I also heard voices like Sadiq Khan and Baroness Sayeeda Warsi (then the vice chair of the Conservative Party) fiercely condemn the attacks and disassociate them with the actual tenets of the faith, to no avail. As much as people demanded answers from the Muslim community — and Muslims responded in the same unequivocal voice of condemnation every time — it made no difference. The terrorists still seemed to be louder.
What’s changed, 11 years on? Some would argue nothing.
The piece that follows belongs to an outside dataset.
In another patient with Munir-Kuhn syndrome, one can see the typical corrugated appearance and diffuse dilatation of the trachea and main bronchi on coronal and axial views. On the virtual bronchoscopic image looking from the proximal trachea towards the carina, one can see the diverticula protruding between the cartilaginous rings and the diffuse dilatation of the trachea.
Terrorists continue to slaughter innocents and billionaire conservative politicians continue to incriminate an entire global community for the abhorrent actions of a few. What has changed in the most profound sense is that Muslims are no longer seen (or at least solely) as a fifth column.
The voice of the ordinary, “moderate” Muslim is heard more than ever — not as spokespeople who can denounce the ways terrorists justify their acts through the Quran — but as engaged citizens and leaders paving the way forward in a world that we all want to become more inclusive and tolerant.
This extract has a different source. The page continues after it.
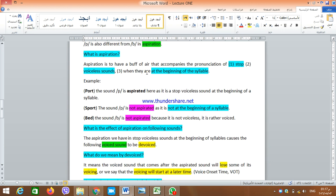So what is aspiration? Aspiration is to have a puff of air — a puff of air that accompanies the pronunciation of stop sounds, but not all of them: only voiceless stop sounds when they occur at the beginning of the syllable. So there are three conditions for aspiration: the sound must be a stop, it must be voiceless, and it must occur at the beginning of the syllable.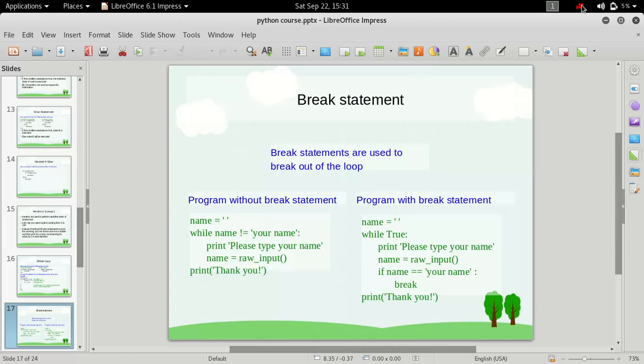Hey guys, welcome to the Python for beginners course. My name is Admiral Gost and in this video we are going to take a look at break statements.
Last year, we saw Muslims in Canada unite strategically for the first time in a non-partisan, grassroots organization to achieve a single goal: Increase the participation of Canadian Muslims within the democratic process.
This, along with the opposition’s crude anti-Muslim strategy not unlike Zac Goldsmith, Sadiq Khan’s Conservative Party competitor, was a key factor in bringing Justin Trudeau’s pro-immigration party to power. We’ve also seen Maryam Monsef, who came to Canada an as Afghan refugee, sworn in as Minister of Democratic Institutions in Trudeau’s cabinet, and Ginella Massa, a hijab-clad journalist, become an on-camera reporter for Toronto news network CityTV.
Britons, too, have seen a rise in British Muslims taking centre stage, from national baking contests to professional sports. From Nadiya Hussain, winner of the popular television program The Great British Bake-Off to Somali-born and London-raised Mo Farah winner of two Olympic Gold medals in 2013, it was exhilarating to see Muslims dominate the headlines for stories other than suicide attacks or beheadings.
In the U.S., we saw videos of Dalia Mogahed, director of research at a D.C. social policy institute, go viral after she smoothly took on contentious questions around hijab and radicalization on The Daily Show with Trevor Noah — using U.S. polling figures as evidence that there was no corroboration between the two. And then there’s Ibtihaj Muhammad, the professional fencer who recently became the first U.S. athlete to complete in the Olympics as a visible Muslim.
None of these people ever condemned the abhorrent actions of the so-called Islamic State during their moments of fame, simply because it wasn’t in their remit. They are all skilled professionals in their own right; recognized as Muslims, but celebrated for their extraordinary skills that contribute to mainstream society.
Which is the way it should be. Muslims are no different from anyone else, and for that reason, their successes should be commended no more, nor less than anyone else’s. Perhaps the next step in fostering genuine equity in society is for news outlets to drop the “Muslim” descriptor all together.
Would it have made headlines across the world if a Jewish or Hindu mayor had won the London mayoral race, or The Great British Bake-Off? As Canadian journalist Muhammad Lila put it after Sadiq won the mayoral race: “Wouldn’t it be nice if one day Muslims could just do stuff, without pointing out their religion?”